§ **Available data**:
§

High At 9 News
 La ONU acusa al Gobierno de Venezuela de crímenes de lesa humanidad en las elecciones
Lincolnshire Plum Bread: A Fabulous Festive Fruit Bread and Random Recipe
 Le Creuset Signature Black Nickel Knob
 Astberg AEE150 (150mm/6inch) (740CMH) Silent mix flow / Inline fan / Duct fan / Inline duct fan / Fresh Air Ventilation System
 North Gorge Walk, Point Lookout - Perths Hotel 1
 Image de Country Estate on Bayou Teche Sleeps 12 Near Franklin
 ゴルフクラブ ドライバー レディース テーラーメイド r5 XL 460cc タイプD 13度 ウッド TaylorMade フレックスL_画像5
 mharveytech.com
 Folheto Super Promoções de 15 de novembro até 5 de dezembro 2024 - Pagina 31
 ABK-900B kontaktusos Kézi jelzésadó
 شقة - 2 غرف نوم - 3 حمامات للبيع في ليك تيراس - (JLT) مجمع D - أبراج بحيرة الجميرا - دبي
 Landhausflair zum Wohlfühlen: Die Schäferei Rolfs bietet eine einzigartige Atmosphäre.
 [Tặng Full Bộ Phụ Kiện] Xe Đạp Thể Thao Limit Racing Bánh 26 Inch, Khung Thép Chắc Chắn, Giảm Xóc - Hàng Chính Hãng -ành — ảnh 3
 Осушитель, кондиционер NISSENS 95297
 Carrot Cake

§

§ **Exercise directions**:
From the line containing "شقة - 2 غرف" through the last line of the entries above, print each line exactly as it stands.

§ **Result**:
 شقة - 2 غرف نوم - 3 حمامات للبيع في ليك تيراس - (JLT) مجمع D - أبراج بحيرة الجميرا - دبي
 Landhausflair zum Wohlfühlen: Die Schäferei Rolfs bietet eine einzigartige Atmosphäre.
 [Tặng Full Bộ Phụ Kiện] Xe Đạp Thể Thao Limit Racing Bánh 26 Inch, Khung Thép Chắc Chắn, Giảm Xóc - Hàng Chính Hãng -ành — ảnh 3
 Осушитель, кондиционер NISSENS 95297
 Carrot Cake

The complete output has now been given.